From the Worldwide Faith News archives www.wfn.org


Vernon Johnson: a pioneer


From Daphne Mack <dmack@dfms.org>
Date 07 Jul 1999 09:55:34

For more information contact:
Episcopal News Service
Kathryn McCormick
kmccormick@dfms.org
212/922-5383
http://www.ecusa.anglican.org/ens

99-104

Vernon Johnson was pioneer in compassionate
chemical dependency treatment

by Willmar Thorkelson

(ENS) Early in his fight against chemical dependency,
the Rev. Vernon Johnson began to question the then-
popular conviction that alcoholics had to hit bottom
before they could begin to recover.

"Why do the people who have the disease wait so long
to get treatment?" he would ask. "Why do they suffer
so long? Since alcoholism is progressive and fatal,
we see an urgent need to stop the progress of the
disease as early as possible."

Johnson, a Minnesota Episcopal priest who died of cancer
last spring, and his colleagues in the Johnson Institute
subsequently became advocates of early intervention-a
position that may be one of the priest's most valued
legacies.

Because of early intervention, the jobs of thousands
were saved as they were confronted by co-workers and
professionals about their drinking.

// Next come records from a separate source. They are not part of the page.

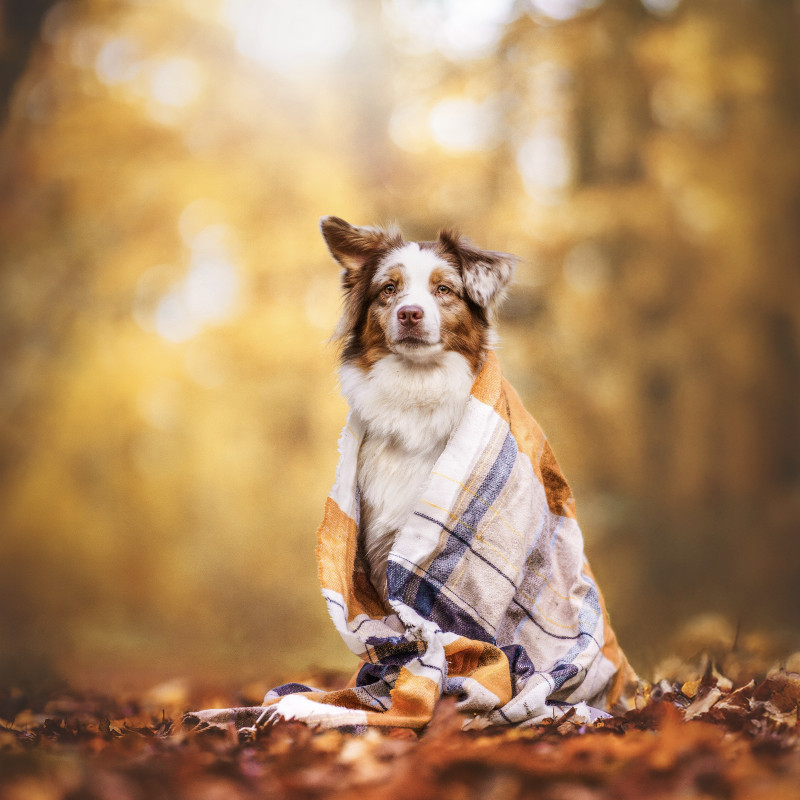 Pumpkin Spice Walk
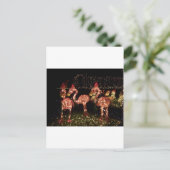 Roze Flamingo's Briefkaart (Staand voorkant)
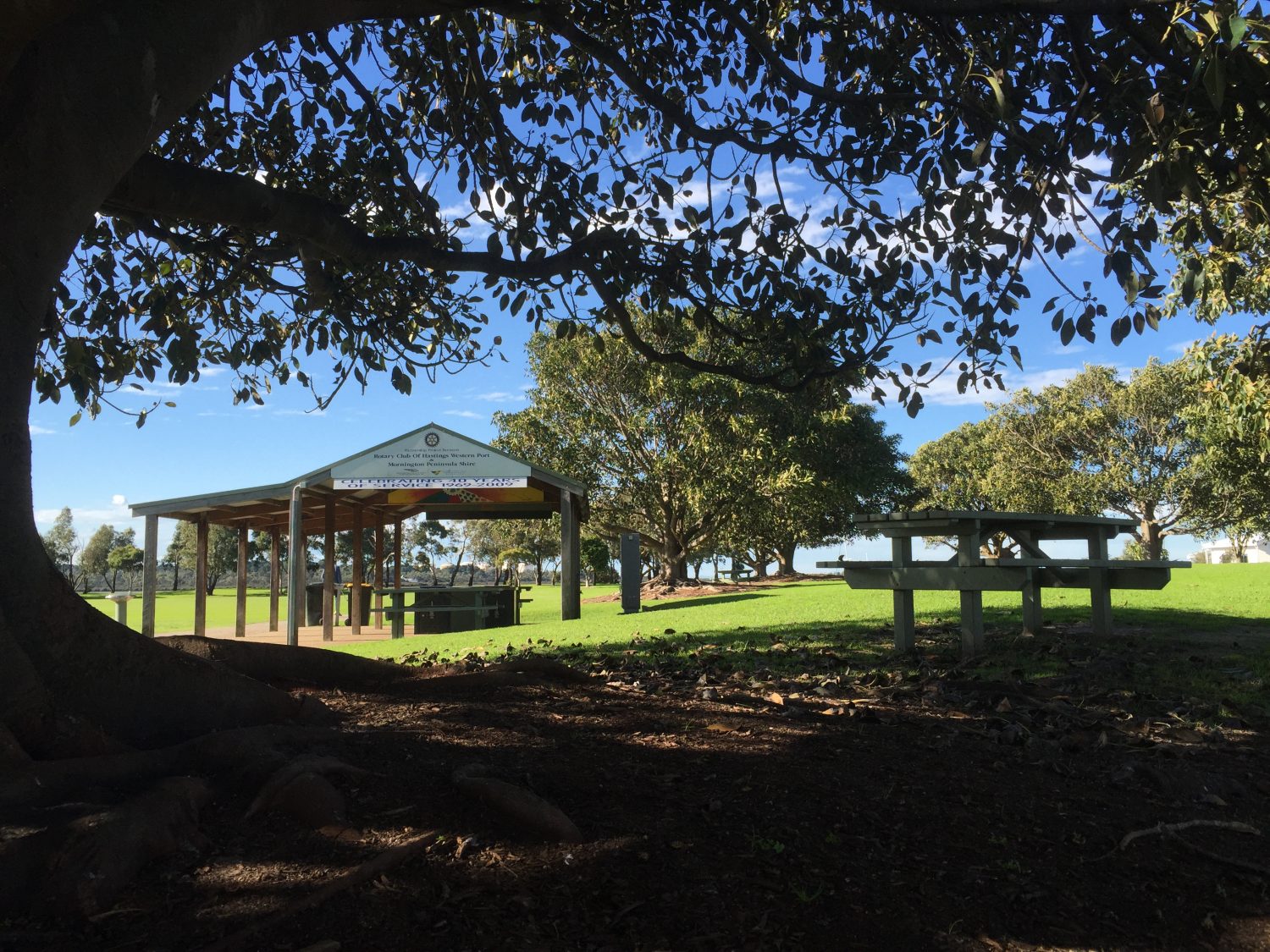 corporate-health-hastings-atticus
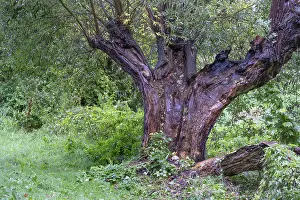 Lightning Strike Germany Drucke: Old willow tree (Salix) split by lightning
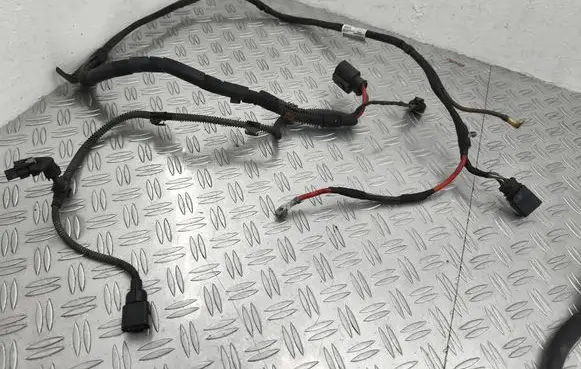 Other wiring loom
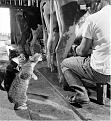 Click image for larger version

Name:	kitty with cow milk.jpg
Views:	141
Size:	118.6 KB
ID:	8961713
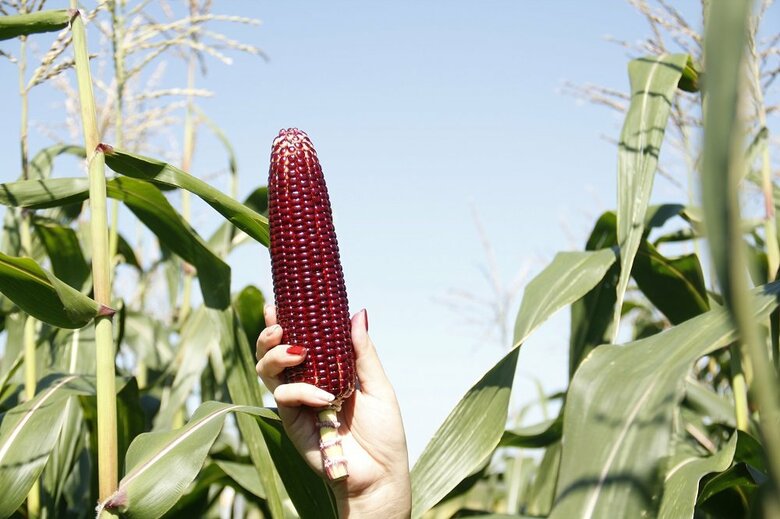 （提供：株式会社大和農園）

Many were sent to
treatment centers and others treated in local outpatient
facilities. Programs of intervention and employee
assistance became common in the corporate world.

The effect of the illness on entire families was
another Johnson emphasis. "He was convinced of the
need to involve the family of the dependent in the
recovery process," said an associate. 

Johnson also addressed the need he saw for a program
on awareness and prevention in the schools.

As a clergyman, Johnson was able to reach out to faith
communities and to get them involved. Churches routinely
made their facilities available for meeting of Alcoholics
Anonymous, Al-Anon and other groups.

"The church in the basement" is the way some would
refer to meetings of these groups," Johnson would
recall.

Despite some progress, he was not satisfied with the
way either seminaries or medical schools prepared their
students to deal with the problem of chemical dependency.

Johnson himself had a drinking problem and in 1962
entered the Hazelden Foundation, the nation's pioneer
in 12-step-based treatment for alcoholism in Center City,
Minnesota.

That treatment prompted Johnson to begin meeting with
a parish action group at St. Martin's-by-the-Lake Episcopal
Church in Minnetonka Beach, Minnesota. The group included
families in recovery from alcoholism.

In 1966, Johnson co-founded Johnson Institute to help
employers assist employees who suffered from chemical
dependency. In 1968, the institute developed and
implemented the first chemical dependency program at St.
Mary's Hospital in Minneapolis, now Fairview-University
Medical Center. This was the first of some three dozen such
treatment programs in hospitals.

Johnson became nationally known with lectures and with
his three books including I'll Quit Tomorrow, which has
been revised since first published in 1973. More than
350,000 copies have been sold. In the book, Johnson
estimated that 10 percent of the drinkers in America will
become alcoholic and that these people will not be able
to stop drinking by themselves.

Relatives, employers and others can help awaken an alcoholic
to his/her condition and its consequences by confronting that
person with the facts of what he or she has done during the
times they were drinking.

At the time the book was published, the Johnson Institute
advocated therapy that consisted of four weeks of intensive
inpatient care and two weeks of aftercare. But with managed
care tightening funding, the number of alcoholics who get
insured inpatient treatment has been sharply reduced,
according to George Bloom, Johnson's successor as institute
president. Instead of the 21 or 22 days found to be a
significant breakpoint for effective treatment, the average
time a patient now stays in a treatment center is four days.

Johnson served for 25 years at the annual summer school on
alcohol studies at Rutgers University and was on the summer
school faculty at the University of North Dakota and the
University of Georgia.

--Willmar Thorkelson is a religion news writer in Minneapolis.